EXERCISE DESCRIPTION:
Range to output from the entries below: the line containing "French Louis XV" through the line containing "Hot Air Balloons Throw Pillow (Front)". Set it down exactly, ends included, nothing else.

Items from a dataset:
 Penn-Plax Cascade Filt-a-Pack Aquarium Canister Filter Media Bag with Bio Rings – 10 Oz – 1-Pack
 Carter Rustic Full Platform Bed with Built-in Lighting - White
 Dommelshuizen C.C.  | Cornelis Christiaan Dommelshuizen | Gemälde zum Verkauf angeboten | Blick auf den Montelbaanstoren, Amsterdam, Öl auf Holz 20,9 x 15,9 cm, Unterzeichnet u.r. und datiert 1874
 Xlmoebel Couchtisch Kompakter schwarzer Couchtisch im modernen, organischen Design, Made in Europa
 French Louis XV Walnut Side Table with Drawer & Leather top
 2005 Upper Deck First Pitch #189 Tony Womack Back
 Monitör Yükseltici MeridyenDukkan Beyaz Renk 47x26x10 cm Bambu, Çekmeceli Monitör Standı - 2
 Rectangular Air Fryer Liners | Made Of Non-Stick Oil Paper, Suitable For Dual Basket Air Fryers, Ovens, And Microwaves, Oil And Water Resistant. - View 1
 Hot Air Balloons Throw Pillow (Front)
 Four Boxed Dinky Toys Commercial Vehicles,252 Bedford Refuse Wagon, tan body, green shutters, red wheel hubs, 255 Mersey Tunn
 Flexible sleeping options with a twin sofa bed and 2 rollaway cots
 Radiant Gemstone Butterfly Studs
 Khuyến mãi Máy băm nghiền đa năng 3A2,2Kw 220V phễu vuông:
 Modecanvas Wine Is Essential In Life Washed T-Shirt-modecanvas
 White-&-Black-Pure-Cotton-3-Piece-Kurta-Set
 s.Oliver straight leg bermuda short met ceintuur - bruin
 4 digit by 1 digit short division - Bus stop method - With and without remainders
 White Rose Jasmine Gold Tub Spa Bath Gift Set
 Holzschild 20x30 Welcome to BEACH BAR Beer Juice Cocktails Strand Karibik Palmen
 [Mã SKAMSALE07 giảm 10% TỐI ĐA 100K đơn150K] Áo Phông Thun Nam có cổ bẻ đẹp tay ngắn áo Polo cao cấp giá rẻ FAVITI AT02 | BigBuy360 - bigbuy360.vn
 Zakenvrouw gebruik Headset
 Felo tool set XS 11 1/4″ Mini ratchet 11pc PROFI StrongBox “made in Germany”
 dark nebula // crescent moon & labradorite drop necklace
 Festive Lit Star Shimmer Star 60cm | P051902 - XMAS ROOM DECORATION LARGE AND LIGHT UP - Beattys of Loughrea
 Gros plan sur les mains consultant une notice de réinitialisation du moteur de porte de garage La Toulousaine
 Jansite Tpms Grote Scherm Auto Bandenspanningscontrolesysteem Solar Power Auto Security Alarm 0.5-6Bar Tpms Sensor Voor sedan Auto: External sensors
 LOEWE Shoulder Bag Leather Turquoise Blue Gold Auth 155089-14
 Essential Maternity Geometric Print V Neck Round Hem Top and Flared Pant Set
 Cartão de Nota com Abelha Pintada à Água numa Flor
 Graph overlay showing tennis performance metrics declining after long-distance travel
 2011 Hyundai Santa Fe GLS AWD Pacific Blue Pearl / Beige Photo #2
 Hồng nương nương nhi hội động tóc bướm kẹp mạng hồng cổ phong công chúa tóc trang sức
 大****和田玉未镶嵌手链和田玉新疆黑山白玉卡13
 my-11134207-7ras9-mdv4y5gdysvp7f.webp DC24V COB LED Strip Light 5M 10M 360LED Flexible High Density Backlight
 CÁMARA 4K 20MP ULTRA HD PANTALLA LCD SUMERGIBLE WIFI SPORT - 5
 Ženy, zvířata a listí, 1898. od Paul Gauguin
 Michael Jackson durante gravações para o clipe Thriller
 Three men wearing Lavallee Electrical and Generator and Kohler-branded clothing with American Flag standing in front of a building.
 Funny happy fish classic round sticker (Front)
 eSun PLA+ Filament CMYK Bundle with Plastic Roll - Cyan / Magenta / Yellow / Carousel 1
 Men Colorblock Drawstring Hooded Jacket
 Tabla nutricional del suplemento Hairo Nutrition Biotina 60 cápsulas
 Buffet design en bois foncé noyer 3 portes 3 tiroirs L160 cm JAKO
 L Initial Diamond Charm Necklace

THE COMPLETED TASK:
 French Louis XV Walnut Side Table with Drawer & Leather top
 2005 Upper Deck First Pitch #189 Tony Womack Back
 Monitör Yükseltici MeridyenDukkan Beyaz Renk 47x26x10 cm Bambu, Çekmeceli Monitör Standı - 2
 Rectangular Air Fryer Liners | Made Of Non-Stick Oil Paper, Suitable For Dual Basket Air Fryers, Ovens, And Microwaves, Oil And Water Resistant. - View 1
 Hot Air Balloons Throw Pillow (Front)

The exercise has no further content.